While Thanksgiving and Massachusetts Pilgrims are intimately embedded together in American tradition, the fact is we need to look back 400 years, to Dec. 4, 1619, to discover the first English Thanksgiving in the New World. On that date, a group of 35 settlers, led by Captain John Woofdlief, arrived at the present-day site of Berkeley Plantation. They had traveled across the Atlantic Ocean from Bristol, England, and up the James River from Jamestown.
The newly arrived colonists expressed thanks for their safe arrival and proclaimed: “We ordain that the day of our ship’s arrival at the place assigned for plantation, in the land of Virginia, shall be yearly and perpetually kept holy as a day of Thanksgiving to Almighty God.”
The tradition of an annual Thanksgiving festival at Berkeley Plantation continues this year on Nov. 3, 11 a.m.-4 p.m. Entertainment during the day includes live colonial music and the Chickahominy Tribal Dancers, craft and artisan demonstrations, storytelling, both corn and hay mazes, and colonial games.
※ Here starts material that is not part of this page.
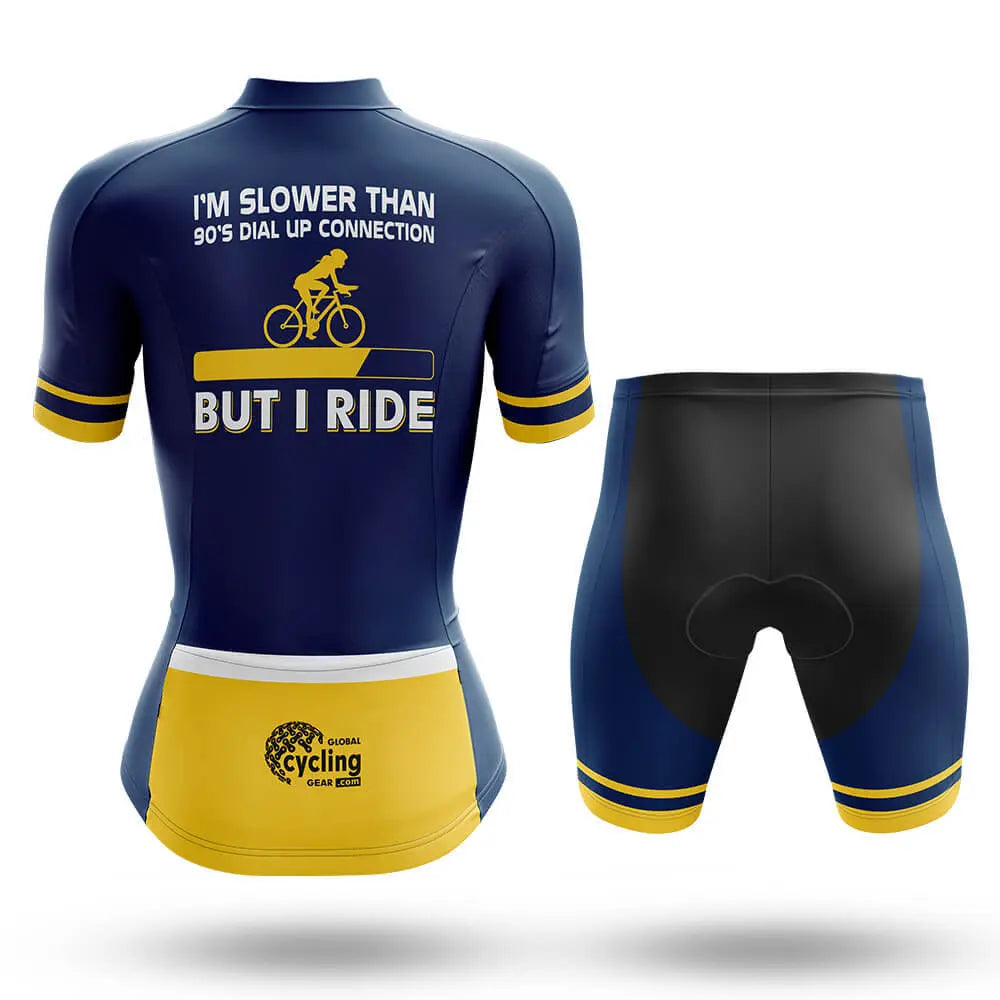Slower But Ride - Women's  Cycling Kit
The highlight comes at 3 p.m. with the reenactment of the original Thanksgiving service. (virginiathanksgivingfestival.com)
About Berkeley Plantation
Berkeley (berkeleyplantation.com), probably the best known of the five James River Plantations between Richmond and Williamsburg, opens a visitor’s eyes to a lot more than just the first Thanksgiving. In the lineage of owners, Benjamin Harrison V was a signer of the Declaration of Independence and presided as Congress met as a “committee of the whole” to debate Thomas Jefferson’s declaration. His son, William Henry Harrison, served as the ninth President of the United States, and grandson Benjamin Harrison, became the 23rd president.
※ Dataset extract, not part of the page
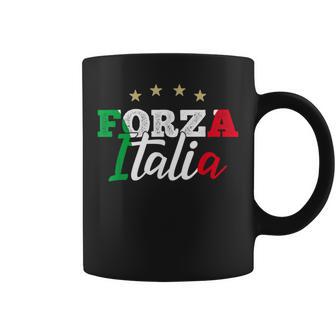 Forza Italia For Italian Football Fans Tassen - Seseable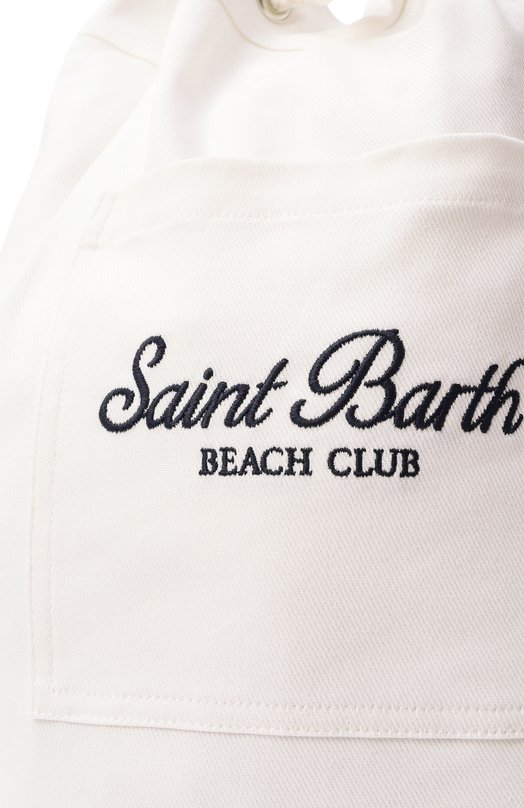 Рюкзак MC2 Saint Barth STBA BEACH BACKPACK/01503H Белый  STBA BEACH BACKPACK/01503H Фото 3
The plantation was occupied by Gen. George McLellan’s troops during the Civil War. During the occupation, Gen. Daniel Butterfield composed “Taps,” the familiar call first played there by his bugler, O.W. Norton. Exhibits also tell stories of the first commercial shipyard and whiskey production at the plantation.
Guided tours of the historic home are fun and bring a lot more to light. Chesterfield, Va., residents Melvin and Lynnette Boyd didn’t know what to expect when they started the tour, but said they found the home, outbuildings and exhibits remarkably enjoyable.
Also in 1619
The year 1619 also saw the first representative legislative assembly in America (Jamestown, July 30-Aug.4), the first recruitment of women in significant numbers to join the colony, and the arrival of the first recorded enslaved Africans in August. (americanevolution2019.com)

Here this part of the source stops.